Отец научил меня узнавать жителей нашего дома и одновременно учил не доверять гитлеровцам. Показывал мне их, их форму, и говорил, что это плохие люди. Часто он сажал меня на широкий подоконник и рассказывал о людях, а когда проходил кто-нибудь из гитлеровцев, изображал испуг и убегал со мной в темный угол комнаты. Мы прятались «понарошку», но я чувствовала, что его рука все сильнее сжимает мою, иногда даже до боли. Когда мне было четыре года, я даже по речи отличала «плохих» и «хороших». Люди, говорившие на «хорошем» языке, часто собирались в большой комнате отца, и тогда туда нельзя было входить. Они разговаривали приглушенными голосами, выходили по одному, а отец стоял у окна и наблюдал за улицей или посылал мать проверить, все ли в порядке. После таких собраний он ласкал меня особенно нежно, поэтому я радовалась, когда раздавался условленный стук в дверь. Я узнавала условный сигнал и сама могла постучать так, как друзья отца. А когда я хотела оторвать его от работы, чтобы он поиграл со мной, стучала, как они.
Мы с мамой часто ходили на главную площадь города, чтобы через витрину букинистической лавки увидеть отца. Внутрь мы никогда не входили, по крайней мере я не помню этого.
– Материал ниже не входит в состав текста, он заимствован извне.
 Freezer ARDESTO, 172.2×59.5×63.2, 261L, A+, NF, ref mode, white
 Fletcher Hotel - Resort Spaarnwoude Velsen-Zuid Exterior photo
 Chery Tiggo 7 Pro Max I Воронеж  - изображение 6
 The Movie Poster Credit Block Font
Из магазина отец приносил очень красивые книжки с картинками и по ним знакомил меня с огромным миром, большим, чем наш город.
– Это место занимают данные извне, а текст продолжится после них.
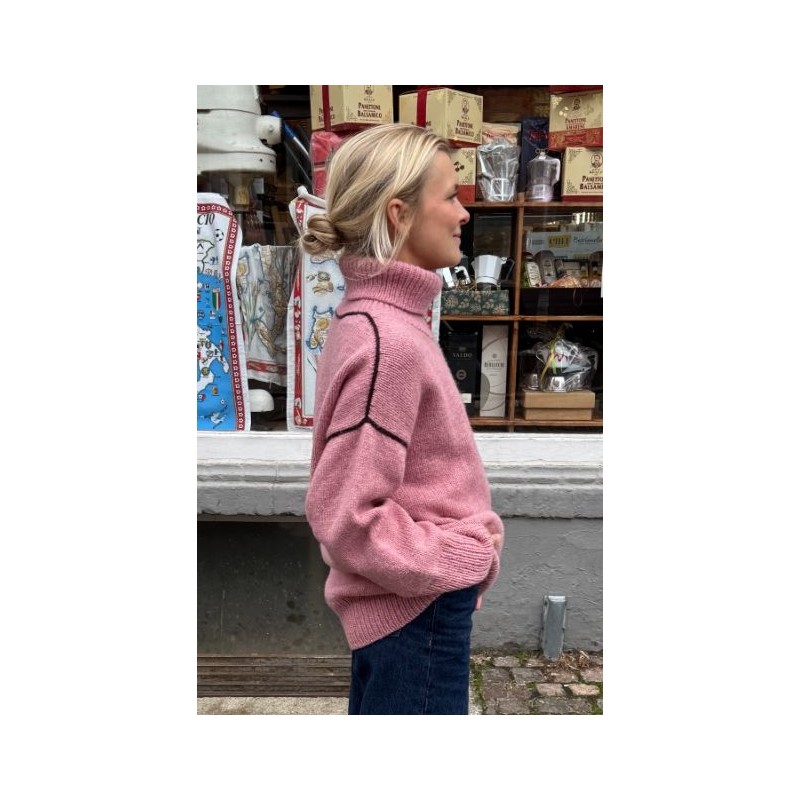 Trui - Merino Uno - PetiteKnit - Linea Sweater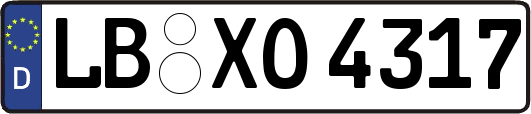LB-XO4317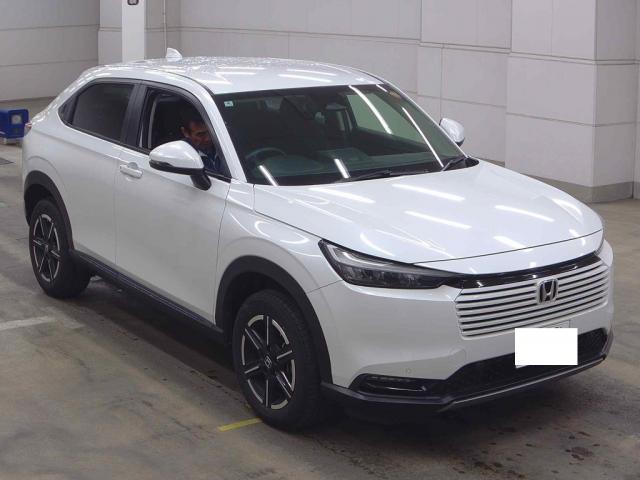 2025 Honda Vezel G 4WD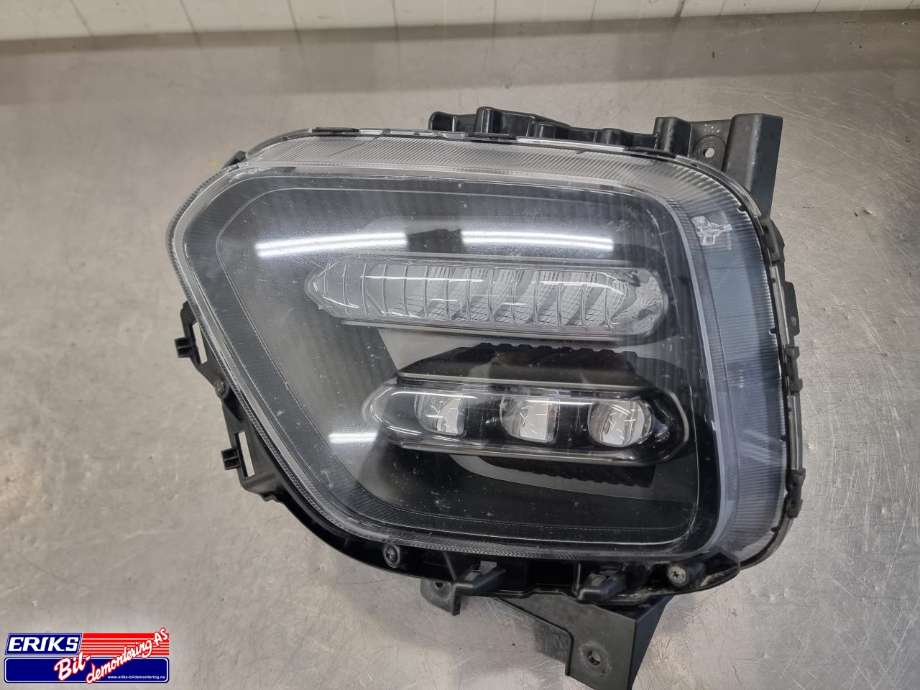Kjørelys led venstre foran til Kia e-Soul, 2019-->> (Type III)  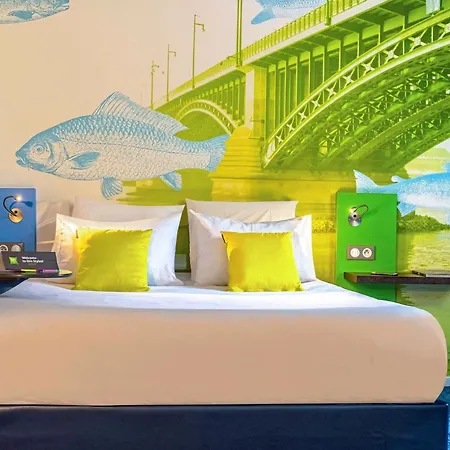 Ibis Styles Avenue Du Rhin Hotel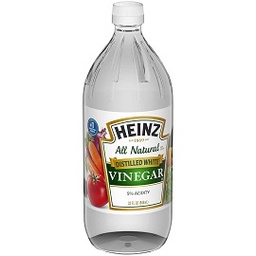 [1500-HZ-00854] Heinz Vinegar White 12/32oz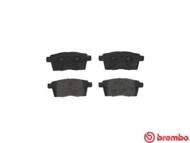 P49041 - Klocki hamulcowe BREMBO /tył/ MAZDA CX-7 07-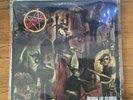 Slayer Reign in Blood Vinyl Record 1986 ( Def Jam)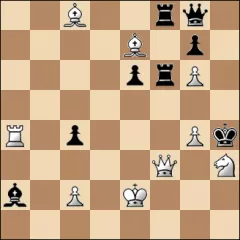 Шахматная задача #13278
Когда в воскресенье мы шли через город, многие люди останавливались, раскланивались с родителями и тепло заговаривали со мной. Я гордилась этим, несомненно, по-своему любила город и, когда должна была из него уехать в деревню, приставала к своим опекунам с вопросами, когда я снова попаду к Замку, на городскую площадь и схожу к реке. Я скучала по крутым улицам, домам и садам, столь красиво выглядевшим на склоне горы в любую пору года, мне хотелось покататься там на санках, погулять, я скучала по тем местам, которые были связаны с отцом и мамой. Я не понимала тогда, что они делают, как живут, но судьба позволила мне осознать их необычность, и, несмотря на всю чуткость моей доброй тети Мани, я маленьким ребенком достаточно пережила и поняла, что все мои переживания как-то связаны с отцом и матерью, хотя бы потому, что меня увозили от них и я жила в разлуке с ними.